Leia tambémPresidente Lula sanciona Lei Geral da Copa do Mundo Feminina no Brasil em 2027
A sanção da Lei Geral da Copa no início deste mês representa um marco para a realização da Copa do Mundo Feminina da Fifa 2027 no Brasil. A legislação estabelece regras para a organização do torneio, garantindo segurança jurídica, operacional e institucional. Além disso, a lei incorpora princípios alinhados às políticas públicas do Governo do Brasil e focados no legado para as mulheres. Entre seus aspectos está a promoção da igualdade de gênero, combate à discriminação e fortalecimento do futebol feminino.

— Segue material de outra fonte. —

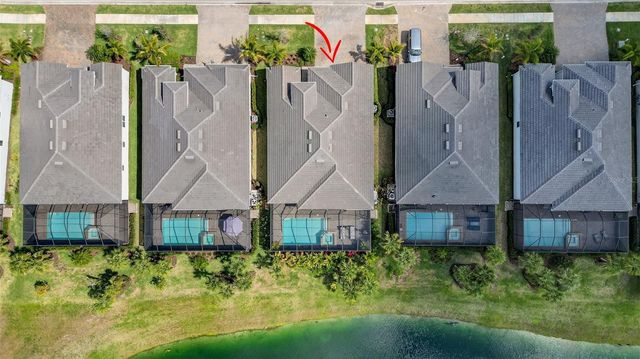 25024 LONGMEADOW DRIVE, Punta Gorda, FL 33955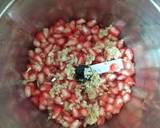 Pomegranate lemonade recipe step 1 photo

A lei também autoriza o prêmio de R$ 500 mil para cada atleta da Seleção Brasileira que conquistou o bronze no torneio de 1988, considerado o primeiro grande torneio mundial feminino organizado pela Fifa.

Nós vamos ter a Copa hoje em oito sedes no Brasil, distribuídas por todo o território nacional. Obviamente que foi levado em consideração pela Fifa a qualidade das arenas que nós temos hoje, mas nós vamos levar o futebol feminino para todos os espaços. Os estados em que as capitais em que nós não temos hoje uma sede, nós vamos ter também outros espaços para treinamento, ou para acolhimento das torcidas, das diversas delegações que estão chegando no Brasil.”

“Nós já estamos fazendo uma Copa feminina com o legado que foi implementado em 2014 com a Copa masculina, em 2016 com as Olimpíadas no Brasil, e eu tenho certeza que, para além da questão dos espaços físicos que nós temos concretizados para os eventos da Copa, nós vamos trabalhar também com a construção de equipamentos voltados especificamente para o futebol feminino, como por exemplo o estádio e o ginásio que estão sendo construídos com recursos públicos do Governo Federal em Araraquara, em São Paulo que sempre foi um município de vanguarda para o futebol feminino, e esse modelo a gente vai levar para outras cidades”, explicou o ministro.